* [Problem requirements]:
Give the listing back in full, exactly as written, with the pictures removed.

* [Supplied material]:
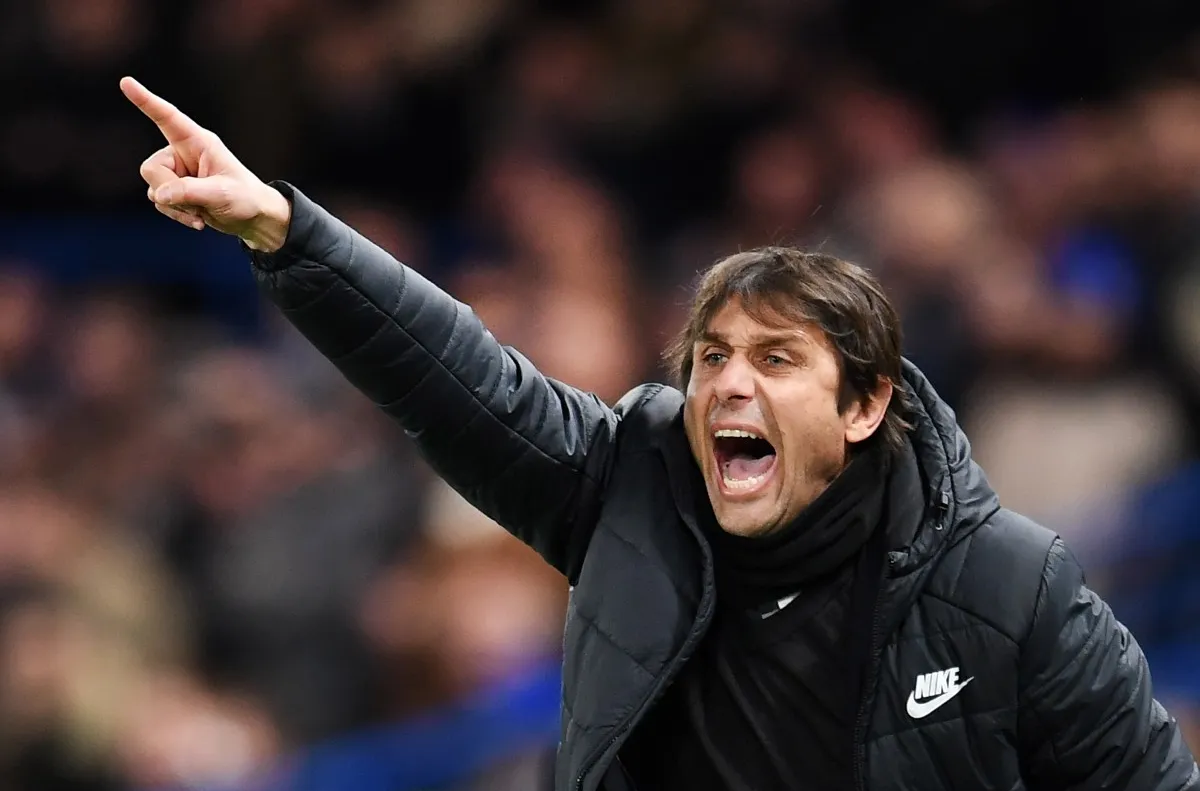 Антонио Конте: Целта ни е да защитим титлата, но ще бъде много трудно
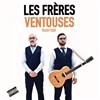 Les frères ventouses - Luna Negra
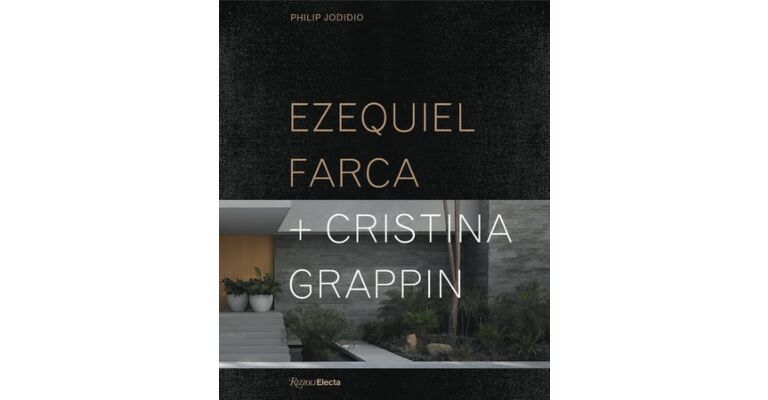 Ezequiel Farca + Cristina Grappin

* [Reply to the task]:
 Антонио Конте: Целта ни е да защитим титлата, но ще бъде много трудно
 Les frères ventouses - Luna Negra
 Ezequiel Farca + Cristina Grappin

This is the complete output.